Jeanette Darnauer, principal of Darnauer Group, has been hired to conduct one-on-one interviews and small focus groups with people who are vocal on transportation issues in the Roaring Fork Valley.

Project management also is a big-ticket item for Shift. The three-year budget shows nearly $370,000 allocated.

Paying Candice Olson as the project manager, along with Perl’s time, as well as a consultant in Washington D.C., costs an average of about $100,000 a year. That has been an annual expenditure since 2017, when the lab was introduced.

Olson, who owns Local Coffee Shop on Cooper Avenue, gets about $60,000 for her consulting services. She specializes in project management and fundraising, Perl said.

While the three-year budget for Shift shows nearly $3.5 million in spending, Perl said not all of that will be used.

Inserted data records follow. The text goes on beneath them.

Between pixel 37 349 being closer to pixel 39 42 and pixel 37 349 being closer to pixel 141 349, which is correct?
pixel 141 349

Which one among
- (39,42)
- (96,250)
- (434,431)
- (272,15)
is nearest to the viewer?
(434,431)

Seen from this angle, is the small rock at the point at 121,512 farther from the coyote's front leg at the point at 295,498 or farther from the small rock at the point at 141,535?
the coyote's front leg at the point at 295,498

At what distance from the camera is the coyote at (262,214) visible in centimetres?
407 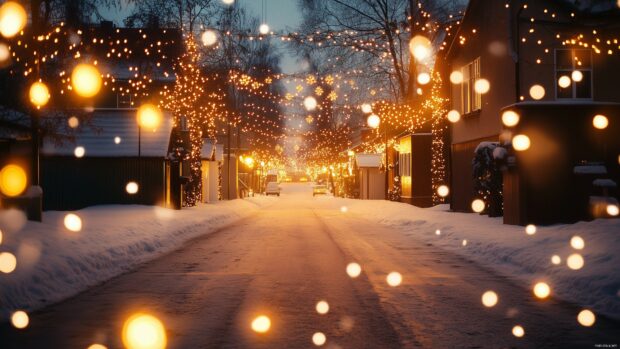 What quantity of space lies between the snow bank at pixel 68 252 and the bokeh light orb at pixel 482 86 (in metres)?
12.9

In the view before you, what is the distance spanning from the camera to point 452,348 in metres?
6.57

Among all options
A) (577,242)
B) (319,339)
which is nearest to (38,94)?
(319,339)

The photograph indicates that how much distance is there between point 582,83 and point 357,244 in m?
10.8

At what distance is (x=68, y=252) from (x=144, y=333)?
601 centimetres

In 2017, just under $300,000 was spent even though $470,300 was budgeted. The leftover amount was rolled into the 2018 budget, which was set at $429,500.

Perl estimates about two-thirds of that budget will be spent this year.

She said the 2019 budget won’t change much, but it will be refined and brought back to council for final approval in the coming weeks.

In the next few months, contracts will come up for approval for a company to offer macro-transit shuttles, as well as the in-town transit service “The Ride” and a bike-share program.

Perl said if Shift continues into future years, she doesn’t expect the $2.5 million budget to stay on that level.

“We don’t know what is going to work yet, that’s why we are doing this,” she said.

Seventy percent of the funding for Shift is coming from the city’s transportation fund, which is supported by parking fees and fines, and the other 30 percent will be paid out of the general fund, according to Perl.

Shift will draw on lessons from select pilot programs in over 25 cities throughout the world and is characterized in a staff memo to council as “the most advanced community-wide pilot program executed to date.”